But at least one voice is having none of it. At the Huffington Post, “specialist in transformational change” (whatever that means) Dr. Pamela Gerloff writes that celebrating bin Laden’s death is mentally unhealthy and geopolitically dangerous:

“Celebrating” the killing of any member of our species–for example, by chanting USA! USA! and singing The Star Spangled Banner outside the White House or jubilantly demonstrating in the streets–is a violation of human dignity. Regardless of the perceived degree of “good” or “evil” in any of us, we are all, each of us, human. To celebrate the killing of a life, any life, is a failure to honor life’s inherent sanctity.

Plenty of people will argue that Osama Bin Laden did not respect the sanctity of others’ lives. To that I would ask, “What relevance does that have to our own actions?” One aspect of being human is our ability to choose our own behavior; more specifically, our capacity to return good for evil, love for hate, dignity for indignity. While Osama Bin Laden was widely considered to be the personification of evil, he was nonetheless a human being. A more peaceable response to his killing would be to mourn the many tragedies that led up to his violent death and the thousands of violent deaths that occurred in the attempt to eliminate him from the face of the Earth; and to feel compassion for anyone who, because of their role in the military or government, American or otherwise, has had to play a role in killing another. This kind of compassion can be cultivated, as practitioners of many different spiritual traditions will attest […]

It is hard not to think that some of the impulse to celebrate “justice being done” may also contain a certain pleasure in revenge–not just “closure” but “getting even.” The world is not safer with Osama Bin Laden’s violent demise (threat levels are going up, not down); evil has not been finally removed from the Earth; the War on Terror goes on–so any celebration must be tempered with the sobering fact that much work still needs to be done to establish peace.

There’s a lot to unpack here, most of it awful. But first, for the sake of fairness and decency one fair point must be acknowledged: If we truly recognize the intrinsic worth of all human life, we have to recognize that even the worst among us have souls, warped and polluted though they may be, and be careful not to think casually of any killing—even just and necessary killing, as bin Laden’s death clearly was. Now, I’d be lying if I told you I haven’t found some satisfaction in the confidence that Osama now knows the afterlife isn’t quite what he expected, but I also have to admit those thoughts don’t live up to the standard my Savior has set for me.

So we shouldn’t take pleasure in exacting bloody vengeance, but there is another aspect to the celebration that is entirely appropriate. As I survey the reactions of friends, acquaintances, and pundits, it seems to me bloodlust is not the primary animating force of their celebration. Justice is. People are celebrating the fact that an act of tremendous evil has been punished, ensuring that bin Laden will never again threaten the United States and sending a clear message to our surviving enemies: hurt us, and we’ll find you, no matter where on earth you go, no matter how long it takes. And when we do, you won’t like what comes next.

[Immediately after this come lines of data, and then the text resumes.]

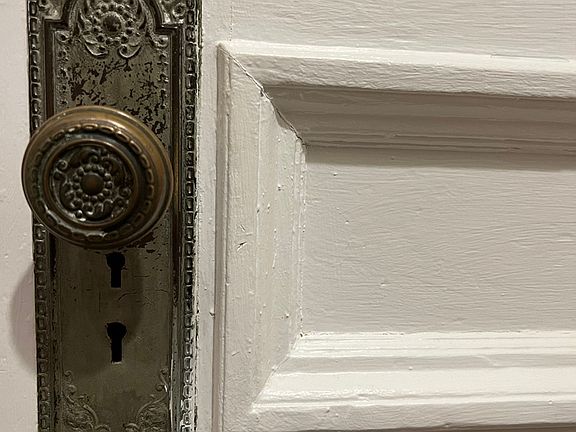 detail vintage features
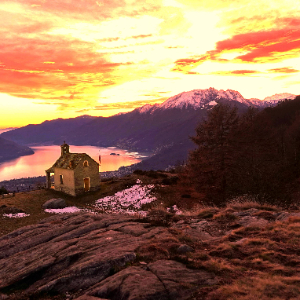 Paesaggio montano con chiesa e lago in lontananza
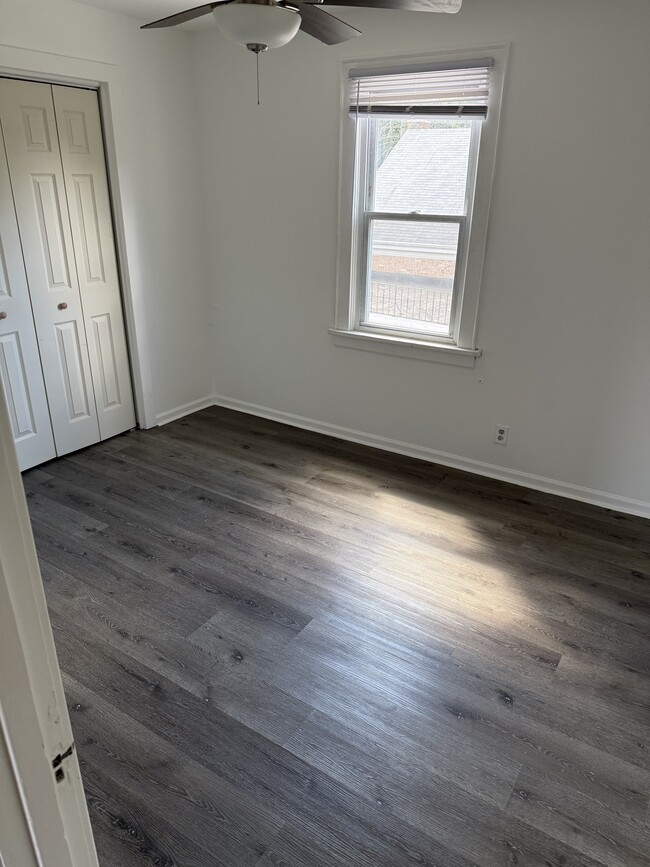 Building Photo - 11250 S Fairfield Ave Unit 2 Rental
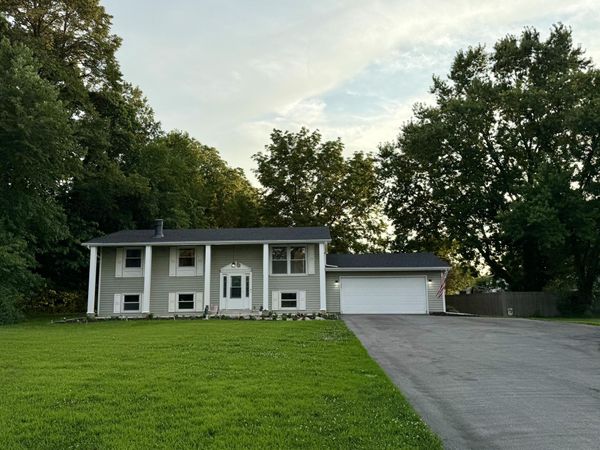 750 N Meridian Road, Valparaiso, IN 46385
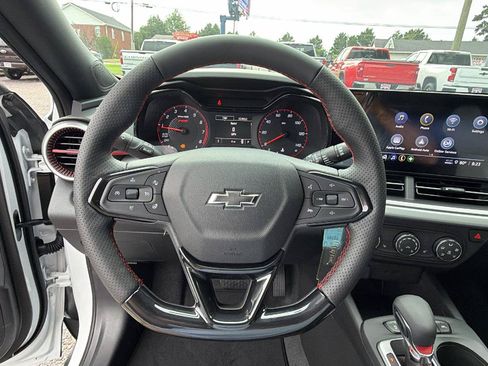 New 2026 Chevrolet Trax RS w/ Sunroof Package FWD image 21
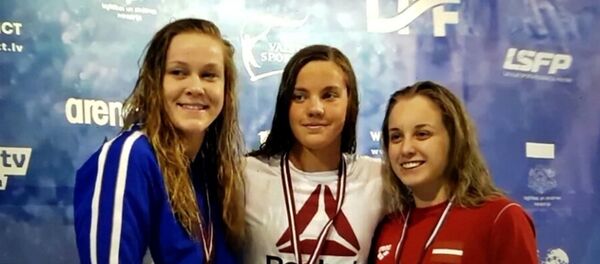 Победительницы Открытого чемпионата Латвии по плаванию на дистанции 100 м на спине - Sputnik Беларусь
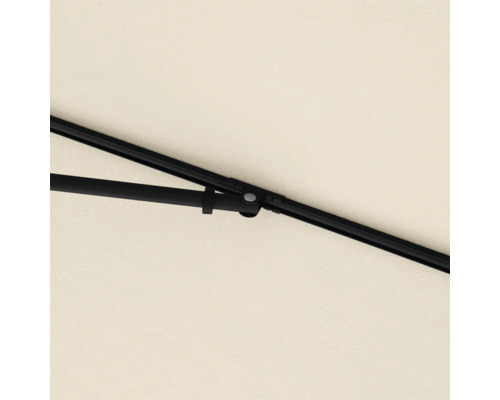 Detailaufnahme eines Sonnenschirms mit schwarzem Gestell und hellen Bezug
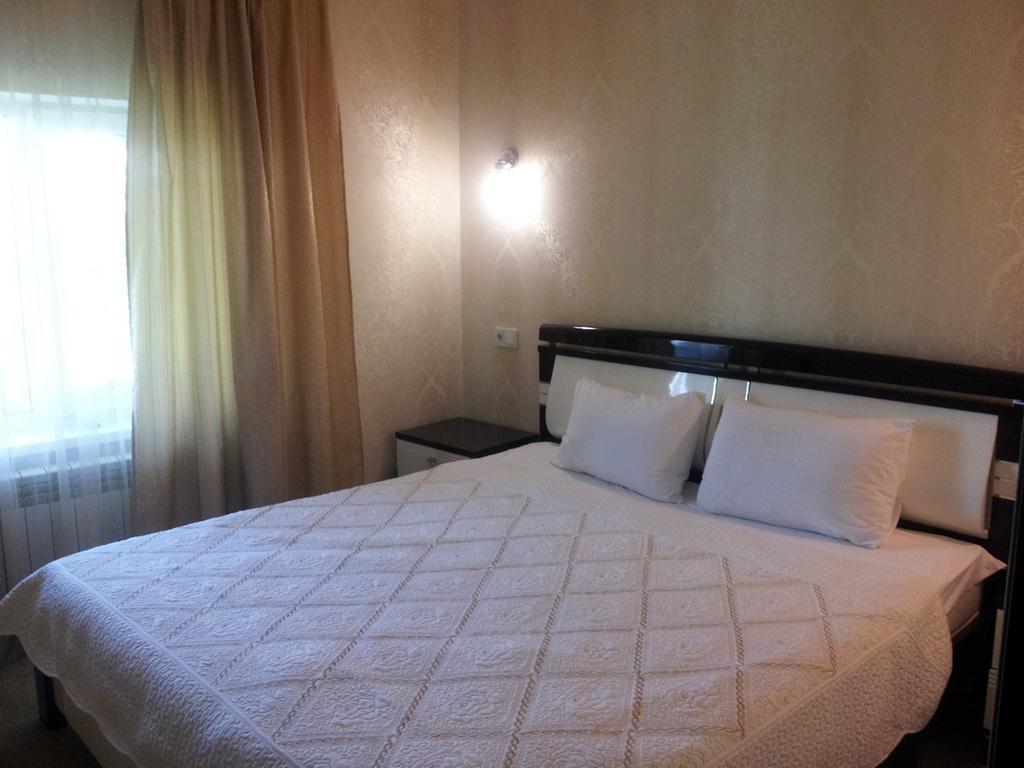 Noy Hotel Harkov Szoba fotó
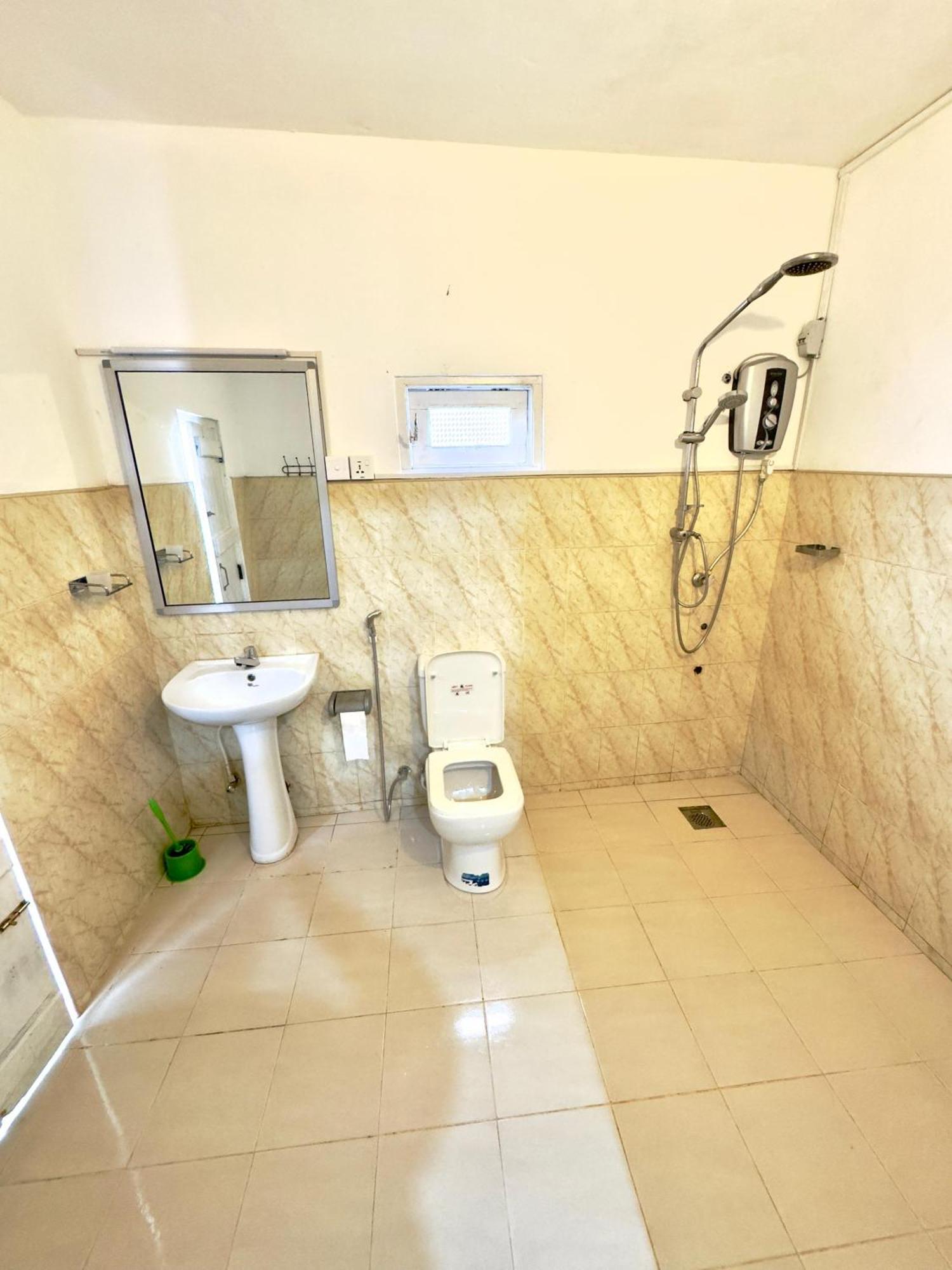Traveler'S Haven Hostel At Colombo Intl Airport Katunayaka Dış mekan fotoğraf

Celebrating the destruction and punishment of evil is not only a proper impulse in a free society it’s a necessary one. Quite simply, a society that does not strongly embrace and venerate the punishment of evil is a society that is incapable of survival.

Gerloff’s failure to understand this is bad, but it’s not what makes her piece one of the most disgustingly immoral things I’ve read in recent memory. No, that would be the moral equivalence between America and the jihadists who want us dead. “Good” and “evil” are placed in scare quotes. We’re told a better response would be to “feel compassion” for anyone involved in any military or government who “has had to play a role in killing another,” as if a drone strike on a terrorist hideout and detonating yourself in a crowded subway are equally tragic. And then there’s this:

The truth is that “celebrating justice” when one person is killed–as happens regularly in the gang wars of American cities–only incites further desire for revenge, which, from “the other side’s” viewpoint, is usually called “justice.”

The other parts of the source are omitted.